Summary: in this tutorial, we will introduce you to PostgreSQL roles concept and show you how to create user roles and group roles.
PostgreSQL uses the roles concept to manage database access permissions. A role can be a user or a group, depending on how you setup the role. A role that has login right is called user. A role may be a member of other roles, which are known as groups.
Creating PostgreSQL roles
From version 8.1, PostgreSQL uses the roles concept to incorporate the users and groups concepts. To create a new role, you use the CREATE ROLE
statement as follows:
1 | CREATE ROLE role_name; |
To get all available roles in the cluster, you query from the pg_roles system catalog as the following statement:
1 2 3 4 | SELECT rolname FROM pg_roles; |
If you use the psql tool, you can use the \du command to list all existing roles.
Role attributes
The attributes of a database role define role’s privileges including login, superuser, database creation, role creation, password, etc.
The following statement creates a role that has login privilege, password, and valid date.
1 | CREATE ROLE doe WITH PASSWORD 'pgSecpas1970' VALID UNTIL '2020-01-01'; |
The following statement creates a role that has superuser status, which means this role can bypass all authorization checks:
1 | CREATE ROLE bigboss SUPERUSER; |
Notice that you must be a superuser in order to create another superuser.
If you want a role to have database creation privilege, you use the following statement:
1 | CREATE ROLE admin CREATEDB; |
Use the following statement to create a role that has creation privilege:
1 | CREATE ROLE security CREATEROLE; |
Role membership
It is easier to manage roles as a group so that you can grant or revoke privileges from a group as a whole. In PostgreSQL, you create a role that represents a group, and then grant membership in the group role to individual user roles.

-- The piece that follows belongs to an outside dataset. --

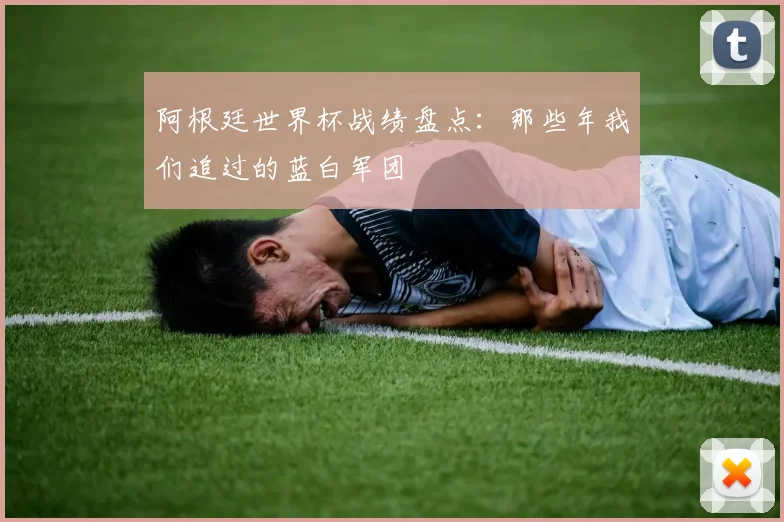阿根廷世界杯战绩盘点：那些年我们追过的蓝白军团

By convention, a group role does not have LOGIN
privilege.
To create a group role, you use the CREATE ROLE
statement as follows:
1 | CREATE ROLE group_role; |
For example, the following statement creates sales group role:
1 | CREATE ROLE sales; |
Now, you can add a user role to a group role by using the GRANT
statement:
1 | GRANT group_role to user_role; |
For example, to add the doe user role to the sales group role, you use the following statement:
1 | GRANT sales TO doe; |
To remove a user role from a group role, you use REVOKE
statement:
1 | REVOKE group_role FROM user_role; |
For example, to remove doe user role from the sales group role, you use the following statement:
1 | REVOKE sales FROM doe; |
Notice that PostgreSQL does not allow you to have circular membership loops, in which a role is the member of another role and vice versa.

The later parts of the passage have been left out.